══ Records to process ══

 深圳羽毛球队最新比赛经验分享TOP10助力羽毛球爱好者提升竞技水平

═══
══ Records to process ══

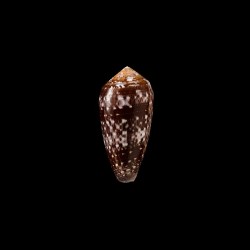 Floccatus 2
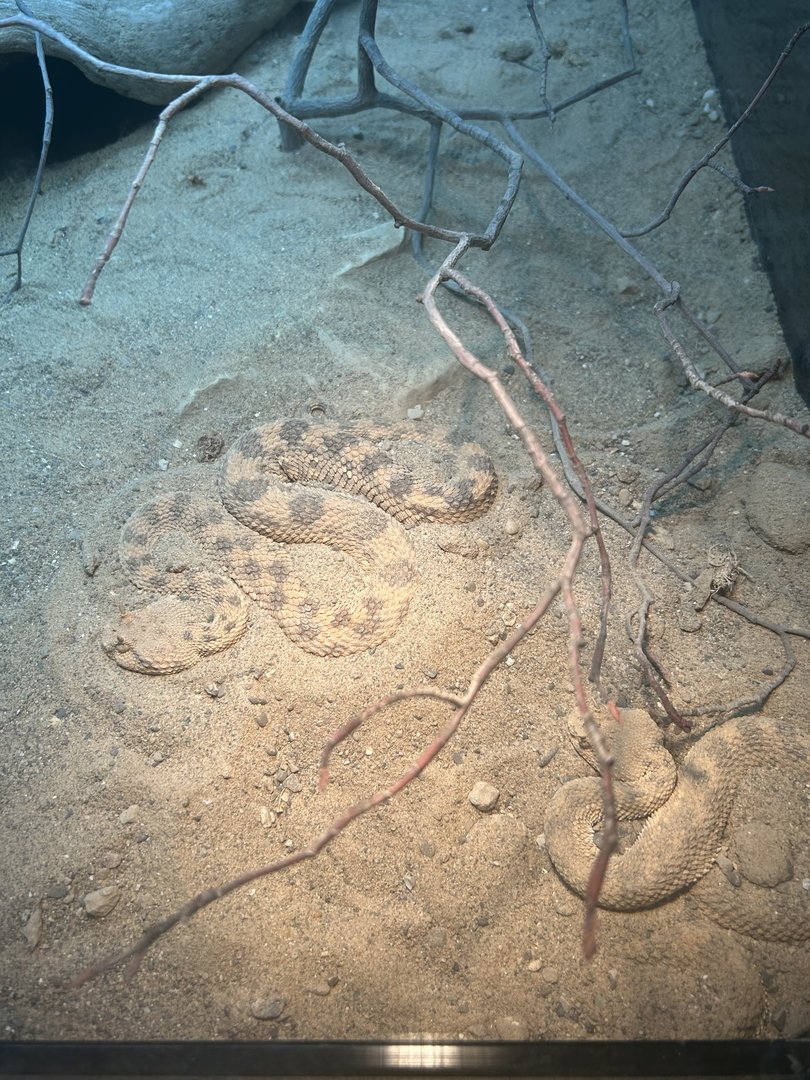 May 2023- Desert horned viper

═══
══ Records to process ══

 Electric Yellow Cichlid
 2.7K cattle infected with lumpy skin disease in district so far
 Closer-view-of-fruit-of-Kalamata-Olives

═══

Among the entries above, copy exactly only the lines starting with the one containing "2.7K cattle infected" and going through the one containing "Closer-view-of-fruit-of-Kalamata-Olives", both ends included.

_Answer for this exercise:_
 2.7K cattle infected with lumpy skin disease in district so far
 Closer-view-of-fruit-of-Kalamata-Olives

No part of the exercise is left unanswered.